Tequesquite or tequexquite (from Nahuatl tequixquitl) is a natural mineral salt containing compounds of sodium chloride, sodium carbonate, and sodium sulphate, used in Mexico since pre-Hispanic times mainly as a food seasoning. It is found naturally in central Mexico particularly in previously lacustrine environments where the mineral salt forms a sedimentary crust.Diana Kennedy. My Mexico: A Culinary Odyssey with Recipes. University of Texas Press, Oct 20, 2013 p. 213Eduardo Williams. La sal de la tierra: etnoarqueología de la producción salinera en el occidente de México. El Colegio de Michoacán A.C., Jan 1, 2003
Chemically it is an alkaline rock composed of various minerals, which changes its ratio according to where it is obtained. It consists mainly of sodium bicarbonate and common salt (sodium chloride), but also contains potassium carbonate, sodium sulfate and clay. Its appearance is similar to that of common table salt in coarseness, but with a more greyish color.
It is classified into four types: mousse, confitillo, husk and dust. The first two are obtained from the recession of water, and the latter two as natural efflorescence. The latter contain more dirt, so the other two are preferred.
In industry it is also used with fats - saponified to make soap and prepare canvases.

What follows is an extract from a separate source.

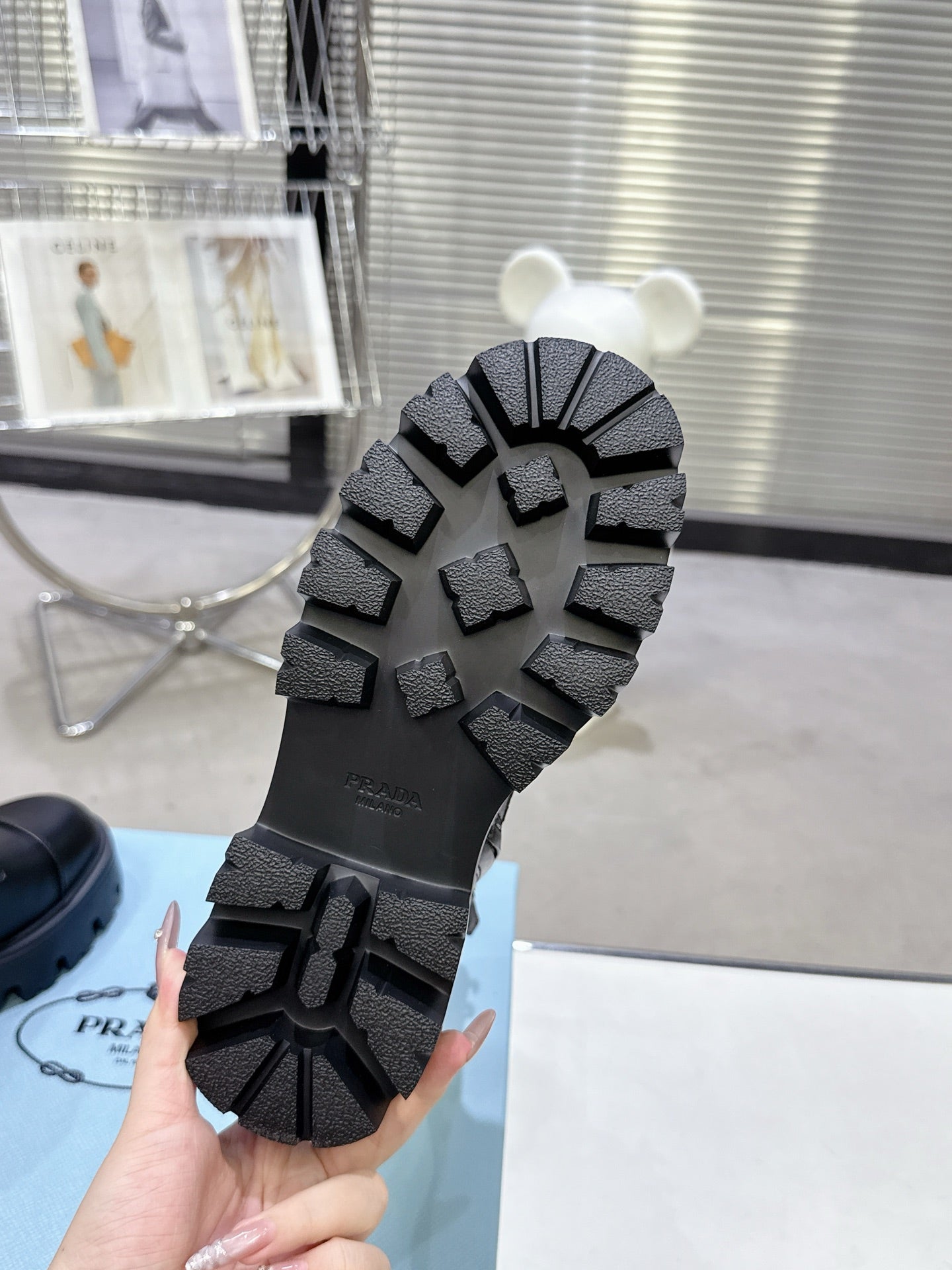 PRADA 25S WARRIOR BOOTS IN BLACK CALFSKIN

Some locations in Mexico where it is mined are Lake Texcoco, Tequixquiac and Tequexquinahuac in the state of Mexico, Laguna Tequesquitengo in the state of Morelos, Nopalucan and Tequexquitla, in the state of Tlaxcala, Tequisquiapan, in the state of Querétaro, Tequesquite, in the state of Jalisco, Totolcingo lagoon in the state of Puebla and La Salada, in the state of Zacatecas.
Sometimes it is confused with Potassium nitrate, but its chemical composition is completely different.
As of 2020, it can be bought in the markets of some towns in Mexico; it is still an ingredient used in many dishes. However, baking soda and table salt may be used as a substitute, but tradition dictates that the taste of tequesquite cannot be replaced.
It is used as a leavening agent by boiling with a solid tequestuite stone and the shells of ten tomatillos in a cup of water and strained.
In the novel Como agua para chocolate (Like Water for Chocolate) by Mexican author Laura Esquivel, tequesquite is used in the dish frijoles gordos con chile a la tezcucano (fat beans with chili Tezcucano style).